[[ RECORDS SUPPLIED open ]]

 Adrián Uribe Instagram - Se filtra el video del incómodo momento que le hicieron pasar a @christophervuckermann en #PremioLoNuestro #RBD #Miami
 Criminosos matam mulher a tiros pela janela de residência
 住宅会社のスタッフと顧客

[[ RECORDS SUPPLIED closed ]]
[[ RECORDS SUPPLIED open ]]

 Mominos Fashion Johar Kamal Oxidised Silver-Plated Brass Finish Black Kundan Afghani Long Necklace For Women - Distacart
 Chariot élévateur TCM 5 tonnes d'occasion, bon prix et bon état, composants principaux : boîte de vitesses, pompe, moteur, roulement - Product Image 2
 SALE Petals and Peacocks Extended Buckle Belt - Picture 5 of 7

[[ RECORDS SUPPLIED closed ]]
[[ RECORDS SUPPLIED open ]]

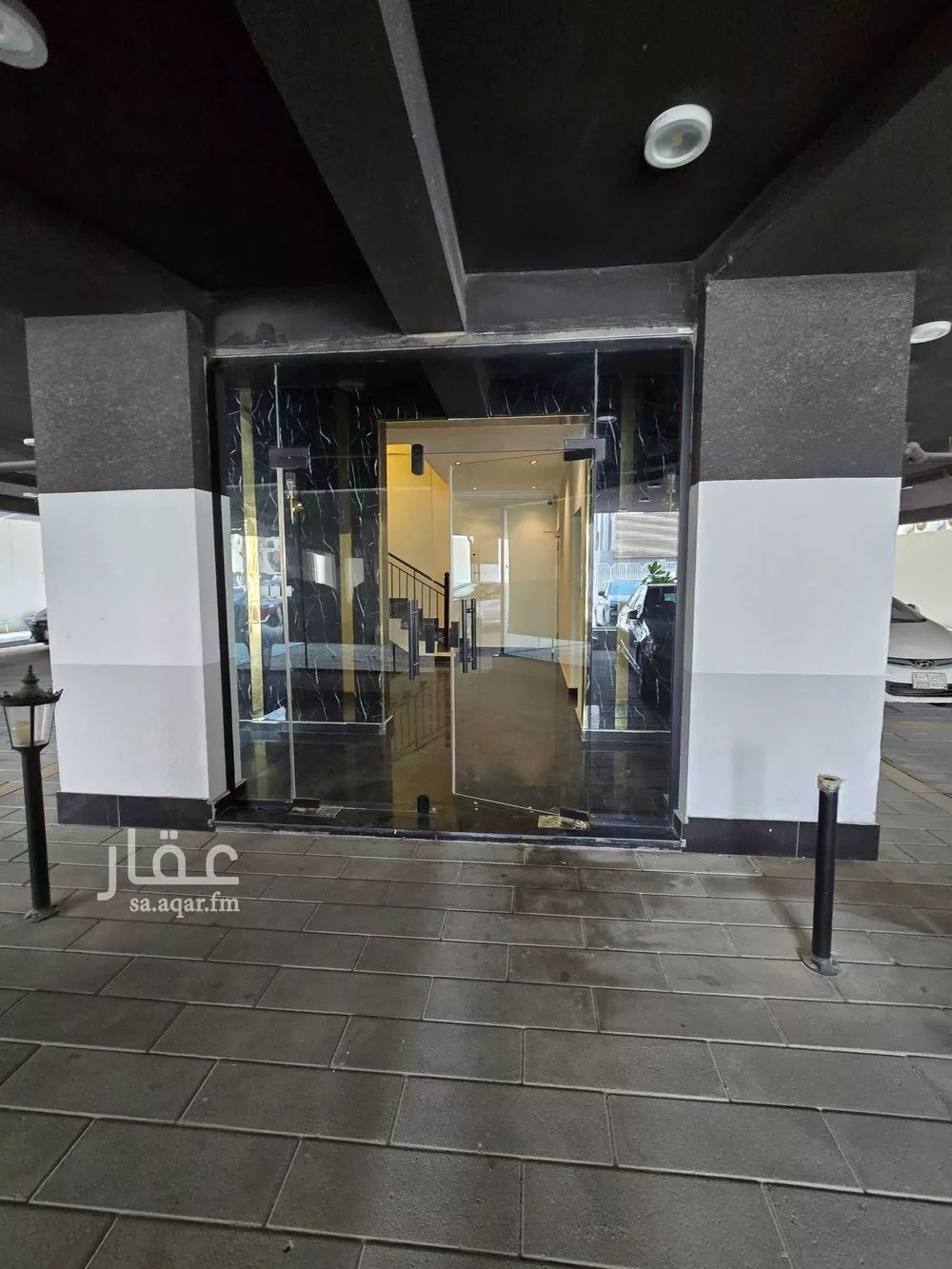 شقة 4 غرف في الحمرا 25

[[ RECORDS SUPPLIED closed ]]

### TO DO:
Transcribe the lines above between the line holding "Criminosos matam mulher" and the line holding "住宅会社のスタッフと顧客", inclusive, exactly as they stand and with nothing added.

### ANSWER BOX:
 Criminosos matam mulher a tiros pela janela de residência
 住宅会社のスタッフと顧客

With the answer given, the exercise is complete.